Taser-armed police brought an evasive Derbyshire drink-driver to justice

A police Taser.
A police Taser.

A Taser-armed police officer caught a drink-driver after investigating a report of a disturbance involving his friends.

Motorist Matthias Child, 21, of Gorsey Bank, Wirksworth, Matlock, was followed by police before he stopped at Duckmanton and was found to be over the drink-drive limit.

Chesterfield magistrates' court.

Chesterfield magistrates' court.

Prosecuting solicitor Matt Evans told Chesterfield magistrates’ court on September 18 that police had initially attended a Jet garage, at Brimington, after a report of a disturbance with the description of a vehicle.

Mr Evans said: “He saw the vehicle driving down Station Crescent, at Duckmanton, and turned his vehicle around and noticed the Toyota Avensis effectively making off and the back end of the vehicle kicked out slowly and particularly because it was wet road conditions.”
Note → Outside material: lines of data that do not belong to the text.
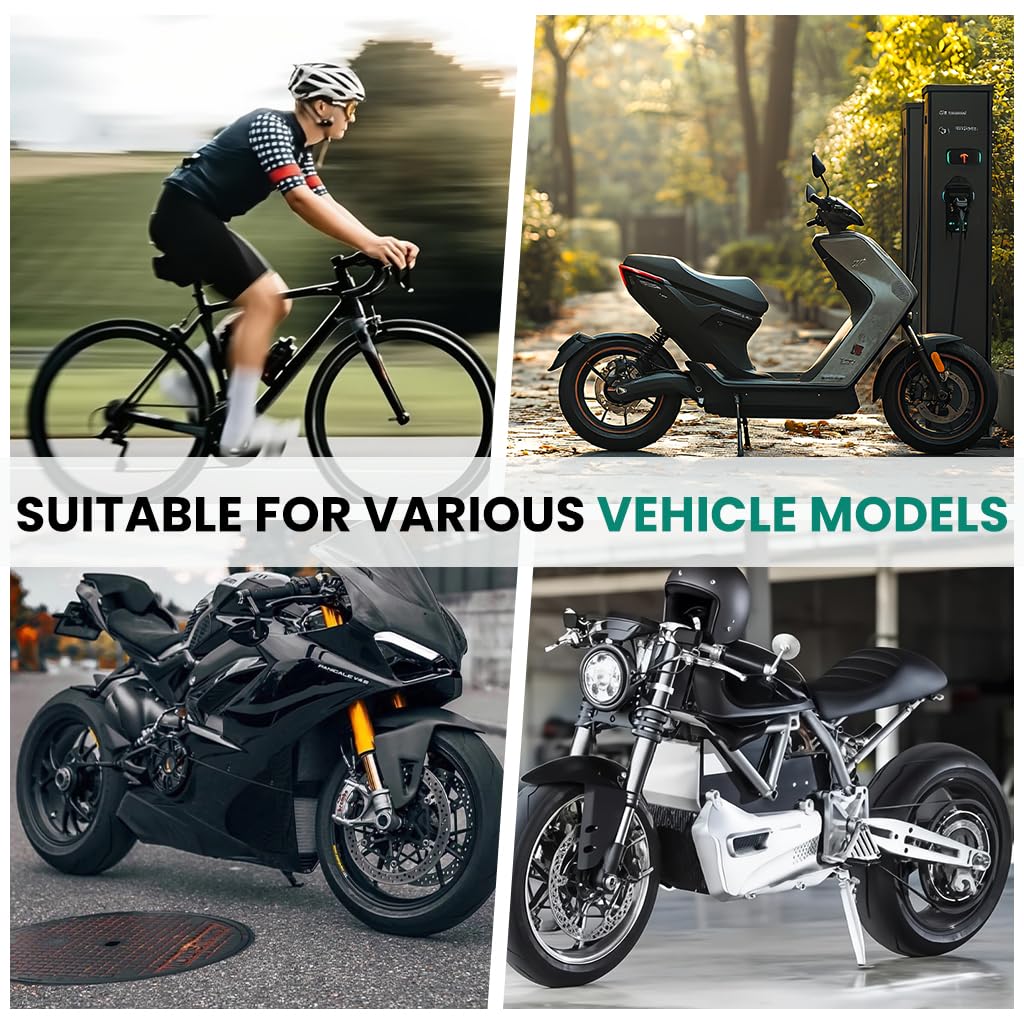 STHIRA Folding Rear Passenger Footrests for Scooter with Anti Slip Texture 76x37mm | Aluminum Alloy 2Pcs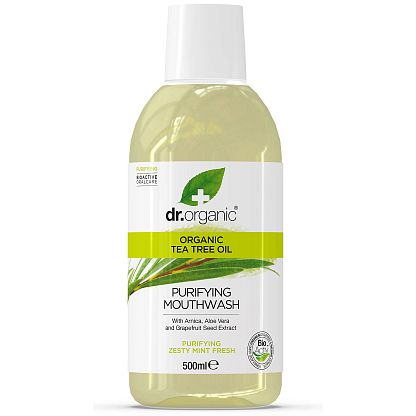 Ополаскиватель для полости рта с экстрактом чайного дерева Dr.Organic магазин Glossary 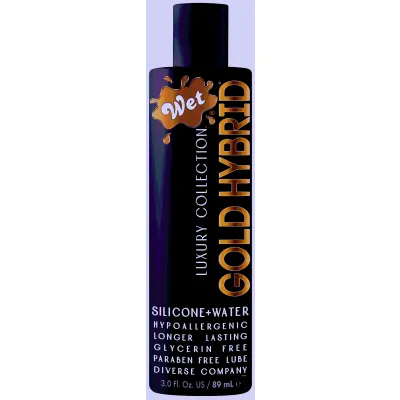 Wet Gold Hybrid Water Silicone Blend 3 1 Fl Oz
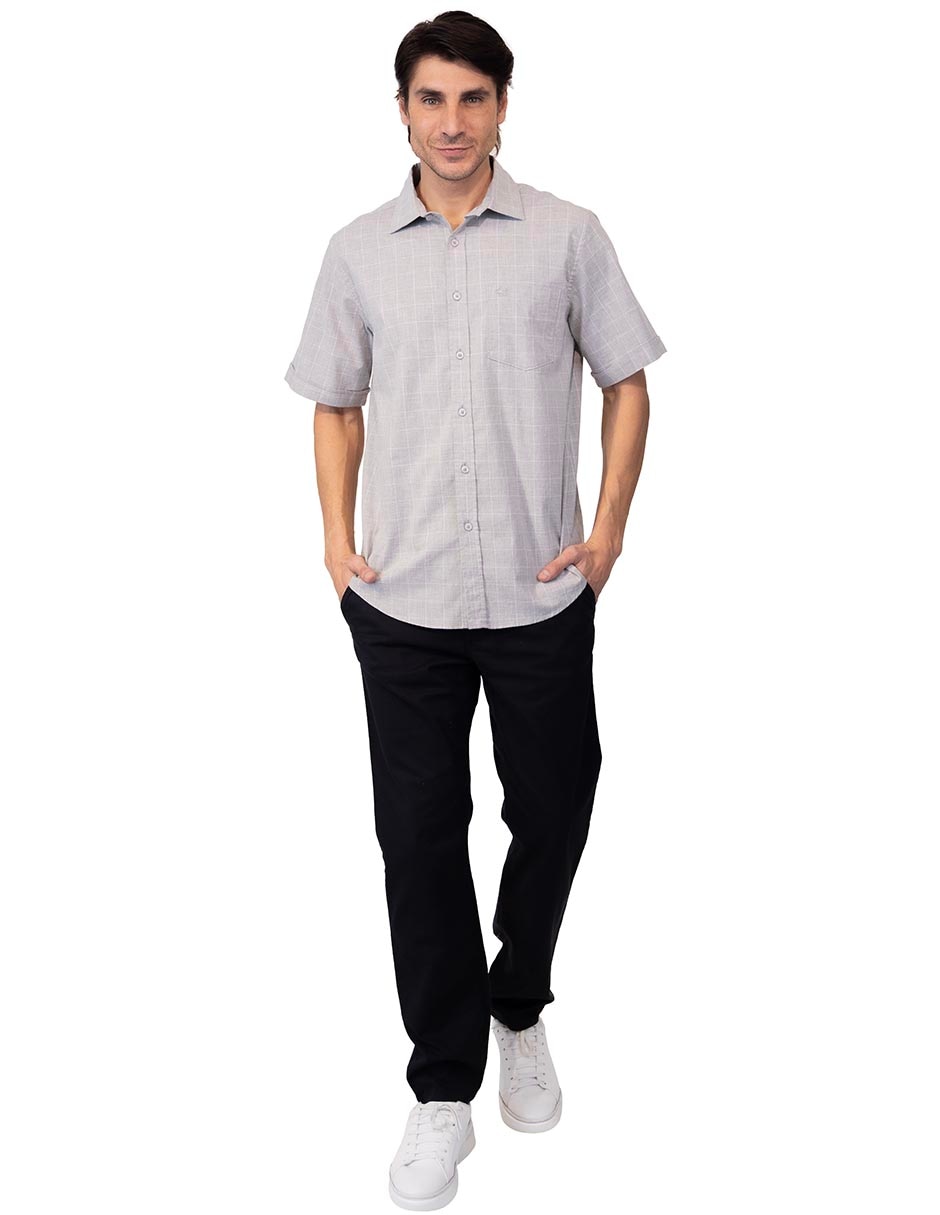 Camisa casual manga corta para hombre 4
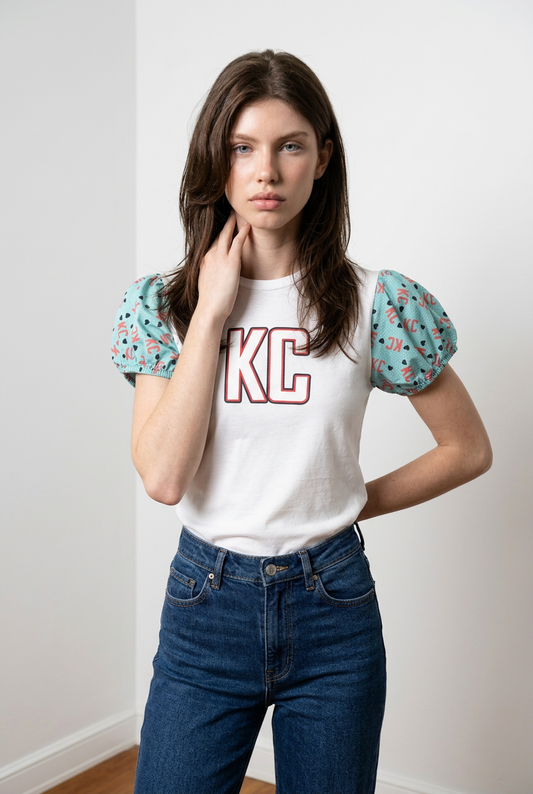 KC Current Darling Short Puff Tee T-Shirt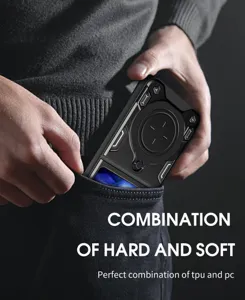 Magnetische Schutzhülle für Samsung Galaxy Z Flip Serie TPU PC stoßfeste Schutzhülle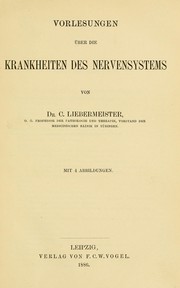 Cover of: Vorlesungen über die Krankheiten des Nervensystems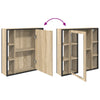 Baderomsinnredningssett med hylle 2 pcs Brun 60 x 30 x 60 cm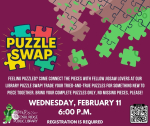 Swap puzzles at the Library on February 11th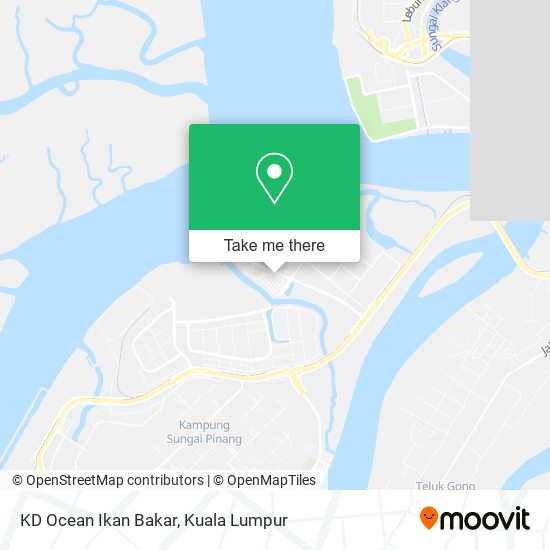 KD Ocean Ikan Bakar map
Mr Evans added that the vehicle eventually came to a stop and the police officer advised the driver he was a Taser-officer and he produced a Taser and the vehicle engine was turned off and the key was removed.
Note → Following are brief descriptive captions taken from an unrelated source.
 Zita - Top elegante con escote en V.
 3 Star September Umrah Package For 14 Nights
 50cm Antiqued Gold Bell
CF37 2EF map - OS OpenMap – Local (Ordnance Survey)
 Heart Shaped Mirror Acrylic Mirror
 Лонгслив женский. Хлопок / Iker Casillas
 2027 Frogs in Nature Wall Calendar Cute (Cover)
Others were arrested for a separate matter and Child, who smelled of alcohol and failed a roadside breath test, was dealt with for drink-driving.
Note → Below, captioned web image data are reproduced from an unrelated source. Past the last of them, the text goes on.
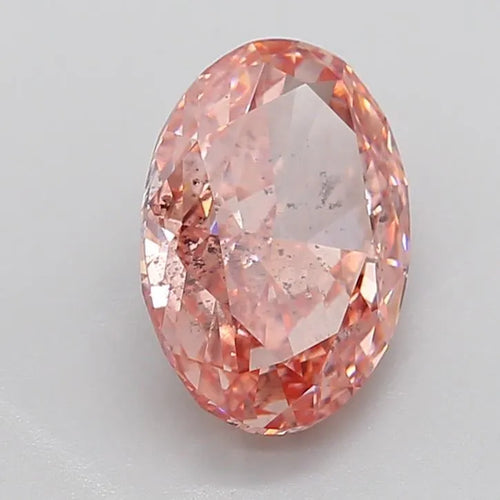 4.81ct Oval Lab Grown Diamond (Colour Fancy Vivid Brownish Pink, Clarity SI2, IGI Certified)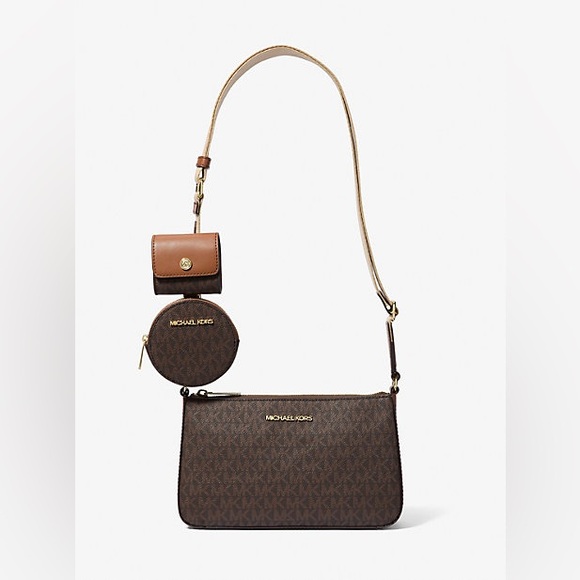 Jet Set Logo Crossbody Bag with Case for Apple AirPods Pro - Picture 2 of 8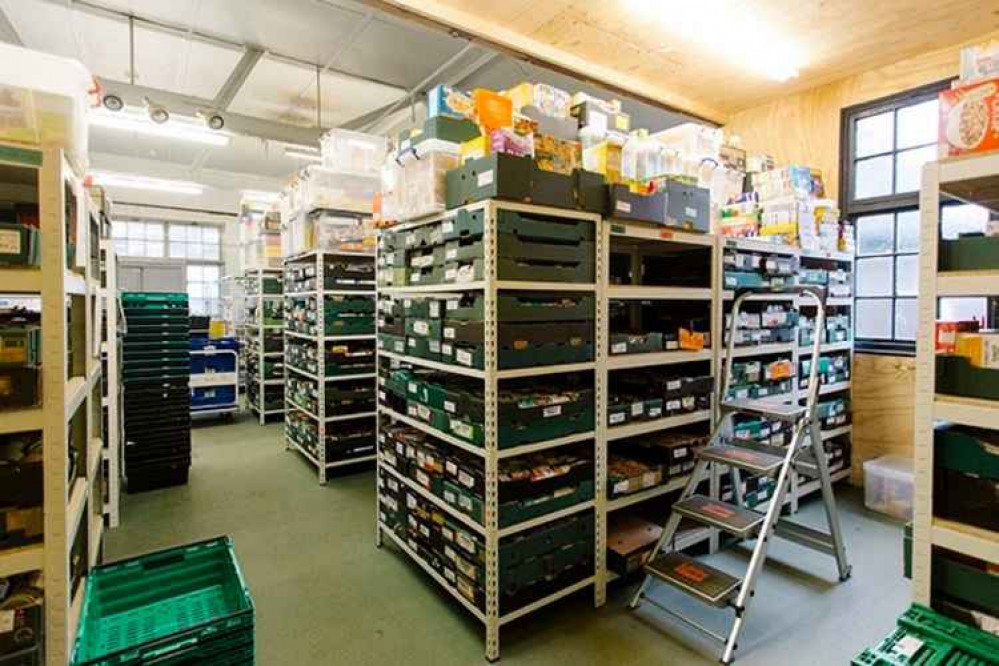 The foodbank received over eight tonnes of food donations two weeks ago, which marks a record so far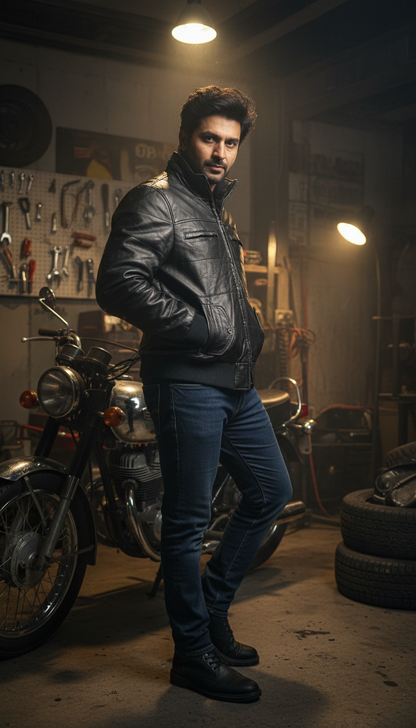 Biker Black Jacket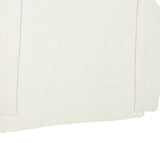 CALVIN KLEIN Womens White Plain Cotton Blend Jumper Crew Neck Basic Knit M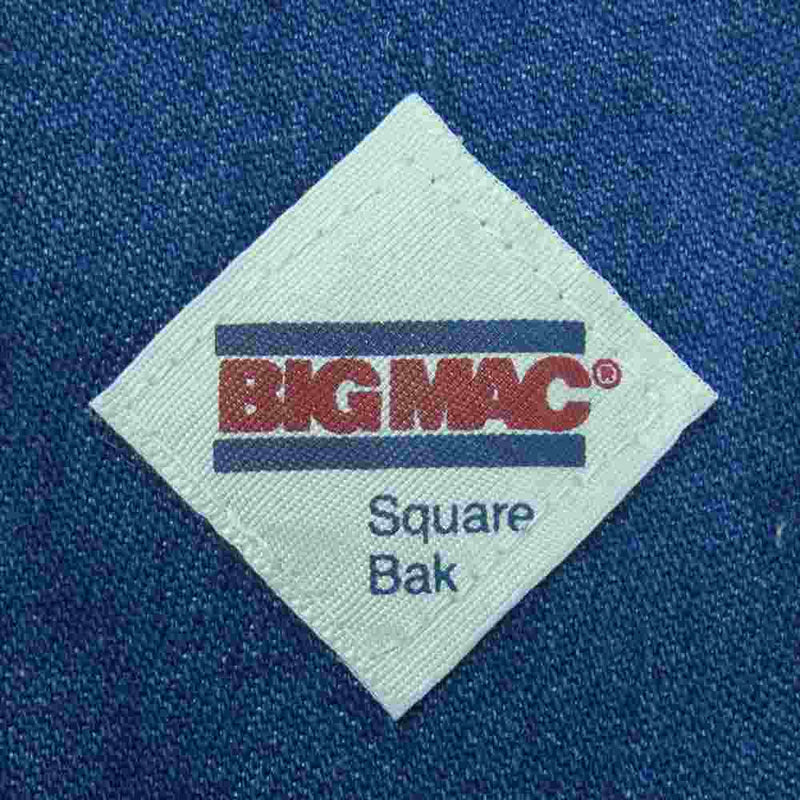 BIG MAC ビッグマック ヴィンテージ 80s デニム オーバーオール アメリカ製 インディゴブルー系 W40 L30【中古】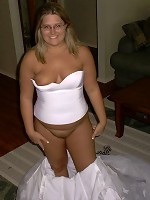 GangbangMomma-Bride In White Showing PinkPictures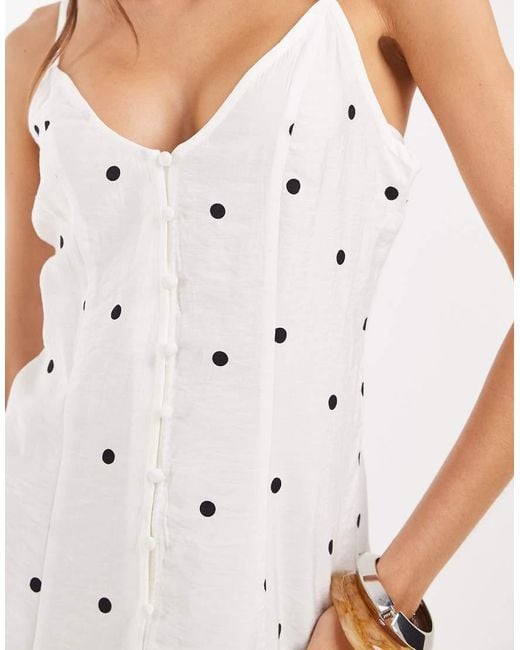 ONLY White Cami Mini Dress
Child, who has no previous convictions, pleaded guilty to exceeding the alcohol drink-drive limit on Robertson Avenue, Duckmanton, after the incident on August 17.

Defence solicitor Karl Meakin said: “He has never been in trouble with the law in any way before. On the night he had been to a friend’s address and he had two or three cans of lager and he had no intention to drive but the other lads said let’s go and get some drink from the garage.

“And there was an element of peer pressure and an element of bravado and he had done them a favour trying to act the big man.”

Mr Meakin added that there was an incident involving the other lads which is why police had become involved and Child had panicked and his friends were concerned they would be arrested.

The court heard how Child registered 61 microgrammes in 100 millilitres of breath when the legal limit is 35 microgrammes.

District Judge Andrew Davison told Child: “It is unfortunate a person with good character with no previous convictions gets involved with mates who are pestering you to drive and you get embroiled in an argument which you had nothing to do with and police were investigating matters as a result of that.

“You would likely not have come to court if your friends had not let you down.”

Child was fined £150 and ordered to pay £85 costs and a £32 victim surcharge.

He was also banned from driving for 17 months but this can be reduced by 18 weeks if he completes a drink-drive rehabilitation course.